[DIRECTIONS FOR THIS TASK]: Copy nothing from the entries below except the lines from the one containing "Pull Pal Zileri" through the one containing "Stoneburry | Soft", and copy those exactly.

(Extracted data entries)
----------

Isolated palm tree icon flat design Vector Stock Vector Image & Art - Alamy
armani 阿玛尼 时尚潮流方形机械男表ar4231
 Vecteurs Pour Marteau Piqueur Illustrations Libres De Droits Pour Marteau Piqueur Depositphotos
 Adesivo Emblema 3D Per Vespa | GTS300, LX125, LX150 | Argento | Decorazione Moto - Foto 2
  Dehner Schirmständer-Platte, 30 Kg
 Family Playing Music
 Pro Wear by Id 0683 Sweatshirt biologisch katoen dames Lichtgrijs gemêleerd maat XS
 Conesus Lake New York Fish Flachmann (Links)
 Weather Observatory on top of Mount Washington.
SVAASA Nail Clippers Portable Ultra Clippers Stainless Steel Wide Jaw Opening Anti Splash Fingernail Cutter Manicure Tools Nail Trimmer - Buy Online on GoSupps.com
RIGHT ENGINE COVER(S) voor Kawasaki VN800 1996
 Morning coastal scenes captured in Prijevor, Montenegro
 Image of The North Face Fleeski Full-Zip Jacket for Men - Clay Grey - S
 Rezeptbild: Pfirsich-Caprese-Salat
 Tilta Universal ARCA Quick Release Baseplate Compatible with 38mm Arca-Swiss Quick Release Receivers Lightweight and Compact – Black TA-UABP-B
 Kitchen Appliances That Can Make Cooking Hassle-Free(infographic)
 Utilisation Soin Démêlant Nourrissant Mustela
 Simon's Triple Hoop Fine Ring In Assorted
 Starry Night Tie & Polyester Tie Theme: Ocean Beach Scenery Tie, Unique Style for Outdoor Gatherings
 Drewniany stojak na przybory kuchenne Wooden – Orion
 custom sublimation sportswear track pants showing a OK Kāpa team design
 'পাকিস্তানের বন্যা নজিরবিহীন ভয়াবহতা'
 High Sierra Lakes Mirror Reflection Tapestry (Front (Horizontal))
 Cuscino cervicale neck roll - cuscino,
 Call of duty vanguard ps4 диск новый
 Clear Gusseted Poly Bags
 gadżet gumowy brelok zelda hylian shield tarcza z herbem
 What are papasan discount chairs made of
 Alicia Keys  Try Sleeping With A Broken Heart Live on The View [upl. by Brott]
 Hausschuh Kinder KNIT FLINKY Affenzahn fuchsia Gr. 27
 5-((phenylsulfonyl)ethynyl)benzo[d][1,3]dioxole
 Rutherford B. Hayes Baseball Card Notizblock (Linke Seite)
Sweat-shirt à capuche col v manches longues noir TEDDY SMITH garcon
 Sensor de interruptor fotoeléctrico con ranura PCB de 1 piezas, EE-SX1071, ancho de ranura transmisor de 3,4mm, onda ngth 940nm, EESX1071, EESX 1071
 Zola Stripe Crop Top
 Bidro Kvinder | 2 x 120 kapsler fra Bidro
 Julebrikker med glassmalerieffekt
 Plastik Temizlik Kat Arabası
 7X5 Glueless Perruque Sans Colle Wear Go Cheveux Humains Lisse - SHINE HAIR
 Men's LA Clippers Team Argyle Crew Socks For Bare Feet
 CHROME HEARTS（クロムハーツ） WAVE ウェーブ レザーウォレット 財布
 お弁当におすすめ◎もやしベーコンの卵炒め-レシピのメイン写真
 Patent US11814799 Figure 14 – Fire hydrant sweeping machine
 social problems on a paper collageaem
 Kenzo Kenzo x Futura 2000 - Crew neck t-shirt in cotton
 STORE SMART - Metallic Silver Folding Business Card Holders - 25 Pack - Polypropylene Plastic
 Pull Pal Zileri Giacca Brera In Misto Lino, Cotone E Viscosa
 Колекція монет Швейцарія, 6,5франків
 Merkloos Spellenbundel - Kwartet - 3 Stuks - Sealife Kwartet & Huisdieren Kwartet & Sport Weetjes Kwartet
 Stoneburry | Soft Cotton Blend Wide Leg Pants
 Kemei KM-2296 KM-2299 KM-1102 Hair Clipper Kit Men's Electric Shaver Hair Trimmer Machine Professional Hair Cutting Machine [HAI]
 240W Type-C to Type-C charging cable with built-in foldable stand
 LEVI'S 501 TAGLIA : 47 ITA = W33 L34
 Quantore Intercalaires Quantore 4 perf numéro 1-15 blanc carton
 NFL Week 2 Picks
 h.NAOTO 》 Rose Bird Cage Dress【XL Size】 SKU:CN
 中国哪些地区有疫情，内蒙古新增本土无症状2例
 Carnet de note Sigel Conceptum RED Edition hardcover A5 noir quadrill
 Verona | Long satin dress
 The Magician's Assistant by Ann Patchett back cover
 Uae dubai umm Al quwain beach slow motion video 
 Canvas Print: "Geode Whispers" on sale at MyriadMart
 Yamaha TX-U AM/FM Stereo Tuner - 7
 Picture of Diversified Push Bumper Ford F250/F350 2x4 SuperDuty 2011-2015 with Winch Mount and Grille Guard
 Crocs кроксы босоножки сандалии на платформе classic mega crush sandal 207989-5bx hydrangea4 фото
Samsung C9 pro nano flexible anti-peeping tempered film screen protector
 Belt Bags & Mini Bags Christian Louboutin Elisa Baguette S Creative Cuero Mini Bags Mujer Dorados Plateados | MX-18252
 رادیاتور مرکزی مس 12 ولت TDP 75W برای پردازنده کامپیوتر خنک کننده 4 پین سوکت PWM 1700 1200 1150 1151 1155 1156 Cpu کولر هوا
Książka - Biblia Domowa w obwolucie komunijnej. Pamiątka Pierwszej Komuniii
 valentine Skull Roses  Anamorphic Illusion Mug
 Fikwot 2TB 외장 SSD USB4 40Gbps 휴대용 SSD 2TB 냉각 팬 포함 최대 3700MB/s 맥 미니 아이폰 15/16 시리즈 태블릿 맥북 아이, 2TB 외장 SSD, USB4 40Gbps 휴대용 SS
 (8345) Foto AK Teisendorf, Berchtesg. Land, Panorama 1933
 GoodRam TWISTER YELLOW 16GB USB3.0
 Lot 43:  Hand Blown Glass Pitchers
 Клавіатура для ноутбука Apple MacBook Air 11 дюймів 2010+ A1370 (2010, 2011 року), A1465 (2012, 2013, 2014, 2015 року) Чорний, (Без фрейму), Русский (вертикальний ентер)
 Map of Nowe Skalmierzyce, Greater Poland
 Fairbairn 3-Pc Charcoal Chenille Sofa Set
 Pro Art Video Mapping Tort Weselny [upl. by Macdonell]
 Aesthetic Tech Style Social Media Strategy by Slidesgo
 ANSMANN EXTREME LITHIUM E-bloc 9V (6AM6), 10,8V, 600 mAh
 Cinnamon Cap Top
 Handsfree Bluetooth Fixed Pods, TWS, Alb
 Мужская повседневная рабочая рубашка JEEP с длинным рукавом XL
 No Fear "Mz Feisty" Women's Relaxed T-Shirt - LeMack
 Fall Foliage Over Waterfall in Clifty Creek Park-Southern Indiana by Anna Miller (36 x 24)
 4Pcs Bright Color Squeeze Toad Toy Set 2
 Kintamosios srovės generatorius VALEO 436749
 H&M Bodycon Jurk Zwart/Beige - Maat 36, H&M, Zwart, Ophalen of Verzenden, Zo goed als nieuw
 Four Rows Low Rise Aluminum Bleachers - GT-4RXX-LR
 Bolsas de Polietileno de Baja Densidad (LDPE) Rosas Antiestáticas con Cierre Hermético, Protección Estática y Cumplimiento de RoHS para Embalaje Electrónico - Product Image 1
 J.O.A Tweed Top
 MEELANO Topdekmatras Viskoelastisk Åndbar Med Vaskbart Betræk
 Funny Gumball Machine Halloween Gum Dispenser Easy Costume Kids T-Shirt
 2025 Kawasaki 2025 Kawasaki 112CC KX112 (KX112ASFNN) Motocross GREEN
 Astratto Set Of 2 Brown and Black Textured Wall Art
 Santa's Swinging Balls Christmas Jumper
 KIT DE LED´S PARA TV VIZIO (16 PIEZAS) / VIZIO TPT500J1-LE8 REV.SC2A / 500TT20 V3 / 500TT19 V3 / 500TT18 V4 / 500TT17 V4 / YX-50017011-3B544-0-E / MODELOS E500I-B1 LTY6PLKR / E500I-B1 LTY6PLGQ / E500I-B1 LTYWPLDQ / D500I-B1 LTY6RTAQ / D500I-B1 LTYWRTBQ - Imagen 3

----------

[EXPECTED ANSWER]:
 Pull Pal Zileri Giacca Brera In Misto Lino, Cotone E Viscosa
 Колекція монет Швейцарія, 6,5франків
 Merkloos Spellenbundel - Kwartet - 3 Stuks - Sealife Kwartet & Huisdieren Kwartet & Sport Weetjes Kwartet
 Stoneburry | Soft Cotton Blend Wide Leg Pants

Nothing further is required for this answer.